Wednesday, February 10, 2010

HANDSHAKE MISTAKE: THE IMPORTANCE OF WRITTEN CONTRACTS

In a "comic" strip several years ago, Lucy promised Charlie Brown to stop pulling the football away when he tried to place kick it. They shook hands on the promise. But, when he ran up to the football, she again pulled it away, and he went flying. When he complained to her, she said that a woman's handshake is not legally binding.

Utility systems operate by many contracts-with customers, vendors, construction contractors, engineers, developers, consultants, accountants, attorneys, other utilities, etc. Often times, these contracts are oral-a handshake, if you will-or if in writing, the writing is sketchy or incomplete.

Oral agreements may be workable as long as no dispute arises. However, many different kinds of disputes can arise over the terms of an oral agreement, such as price, completion date, performance standards, etc.

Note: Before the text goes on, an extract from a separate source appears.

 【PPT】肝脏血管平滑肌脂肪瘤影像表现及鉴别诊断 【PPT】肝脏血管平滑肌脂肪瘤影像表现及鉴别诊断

If a contract is not in writing, or the writing is incomplete, any dispute is a ticket to the courthouse. There, the terms of the agreement-if in fact the court concludes an agreement exists-will be determined by a judge or jury, not by the parties to the contract.

The purpose of a written contract is to fully state the intent of the parties. In such a case, any dispute will be resolved in court by review solely of the "four corners" of the document. External evidence of the parties' intent-extrinsic or parol evidence-is not to be presented.

As the Illinois Supreme Court has stated, "an agreement, when reduced to writing, must be presumed to speak the intention of the parties who signed it. It speaks for itself, and the intention which with it was executed must be determined from the language used. It is not to be changed by extrinsic evidence." Air Safety, Inc. v. Teachers Realty Corp, 706 N.E. 2d 882, 884 (1999).

However, if a contract is oral, or incomplete or ambiguous if written, extrinsic evidence generally is allowed to be presented by witnesses, prior conversations, documents, etc. J & B Steel Contractors, Inc. v. C. Iber & Sons, Inc., 642 N.E. 2d 1215, 1217 (1994). In other words, a he said/she said situation arises. The risks of such litigation and uncertainty of outcome are apparent.

What conclusions follow?

1. Water and wastewater utilities should reduce agreements to writing.

2. Written agreements should contain accurately all terms and conditions intended by the parties in unambiguous language.

3. If a written agreement is prepared by the other party, the utility should carefully read and understand all terms. This is true particularly for the so-called "boiler plate" provisions.

4. The agreement should be signed by representatives of all parties with evidence of their authority to sign.

5. The agreement should contain an "integration clause" to the effect that the contract contains the full agreement of the parties.

6. At least non-routine or complex agreements should be crafted or reviewed by counsel.